───── Data for this task

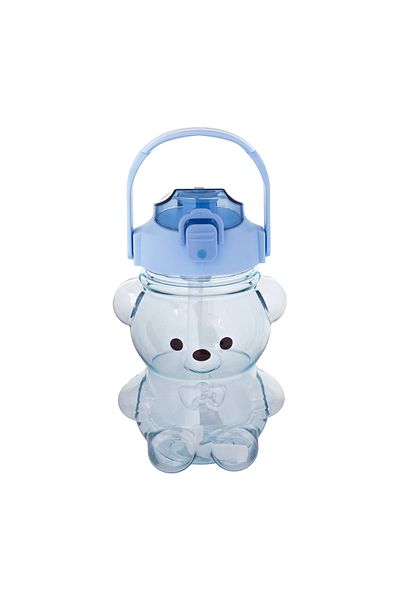 Relaxion Imported Luxury Blue Teddy Bear Flask with Neck Hanger, Gift, 1100 Ml. (449)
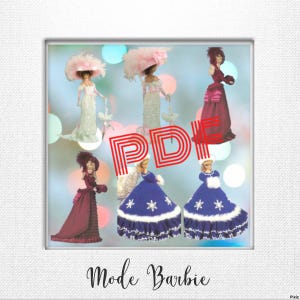 Special offer. Patterns 3 dresses and accessories for Barbie doll. Pattern with English tutorials PDF format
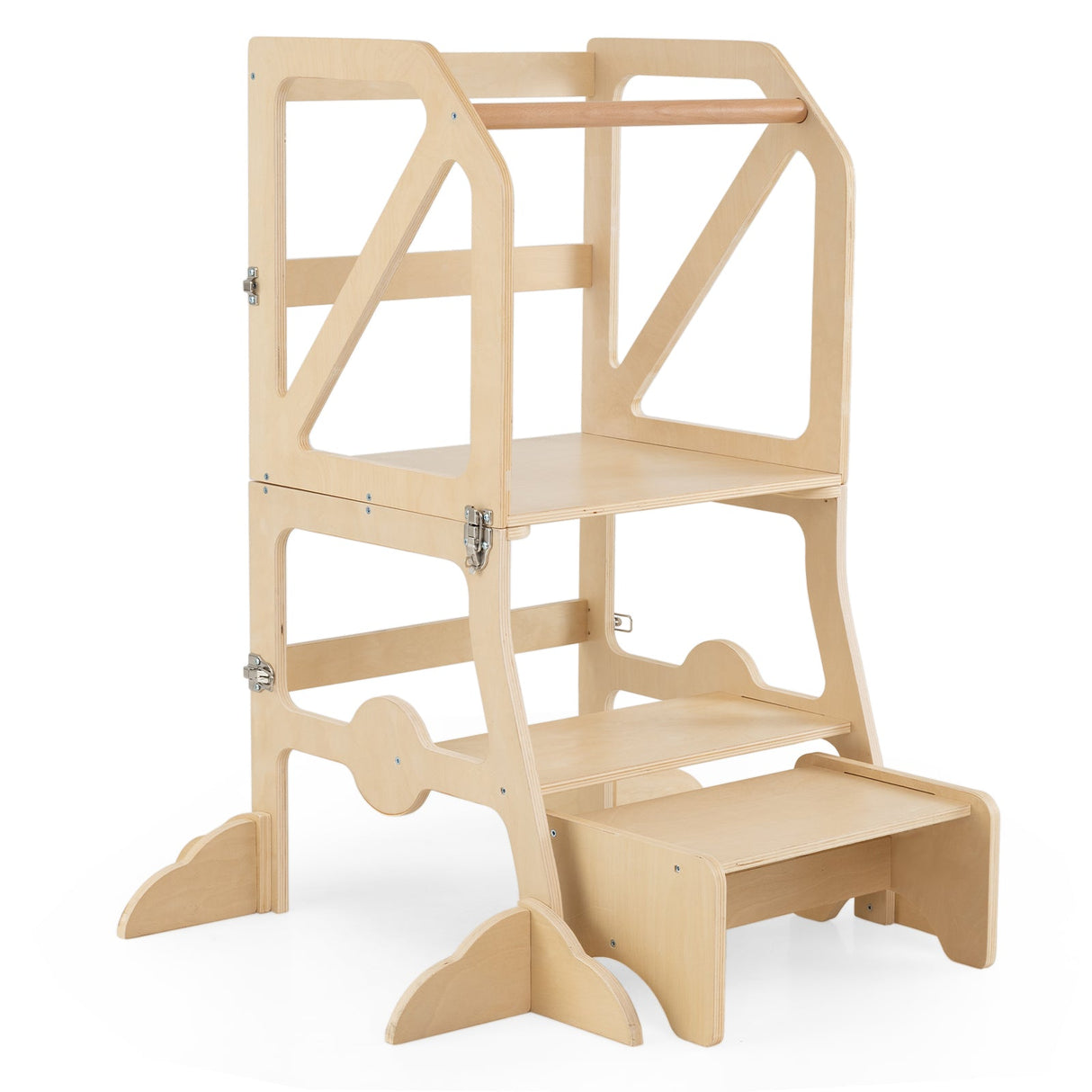 Taburete multifuncional de cocina para niños con barra de seguridad extraíble y hebillas de fijación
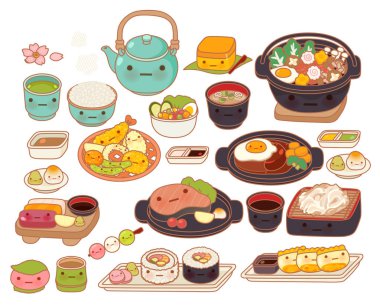 Bebek güzel Japon yemekleri doodle Icon, sevimli yastık tempur topluluğu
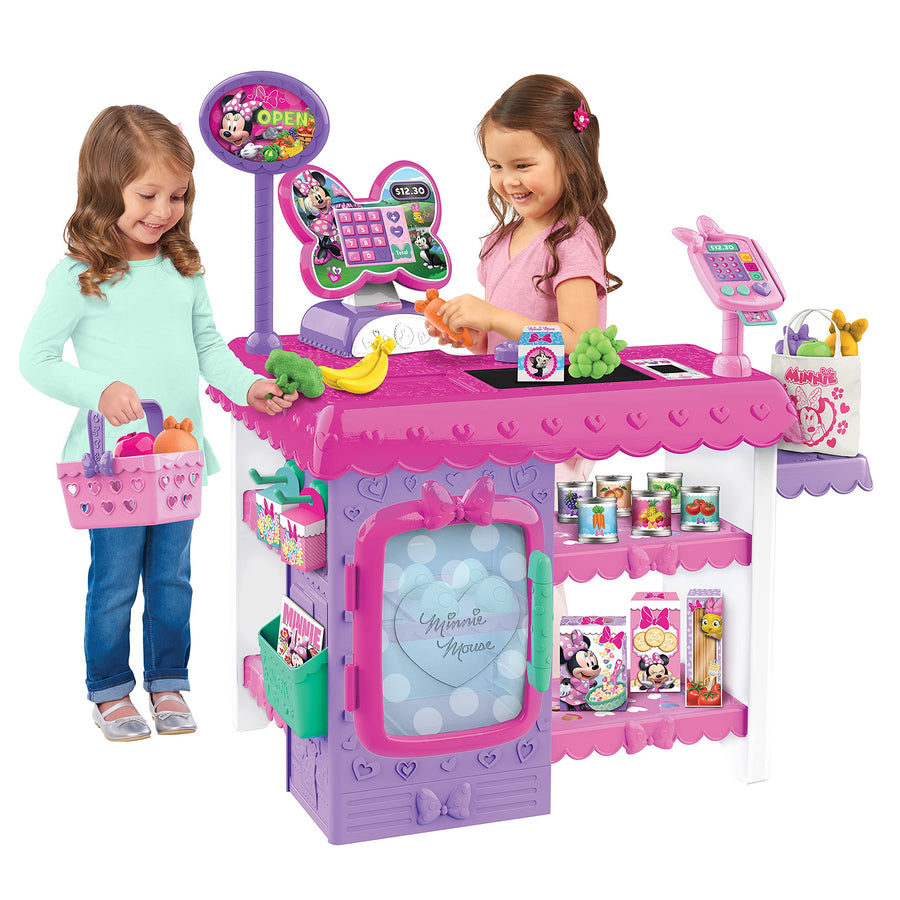 Minnie Mouse Disney Junior Marvelous Market, Pretend Play Cash Register with Realistic Sounds, 45 Play Food Pieces and Accessories, by Just Play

──────────

All lines from the one containing "Bebek güzel Japon" to the end of the entries should appear in the output exactly as written, with no pictures.

Task result:
 Bebek güzel Japon yemekleri doodle Icon, sevimli yastık tempur topluluğu
 Minnie Mouse Disney Junior Marvelous Market, Pretend Play Cash Register with Realistic Sounds, 45 Play Food Pieces and Accessories, by Just Play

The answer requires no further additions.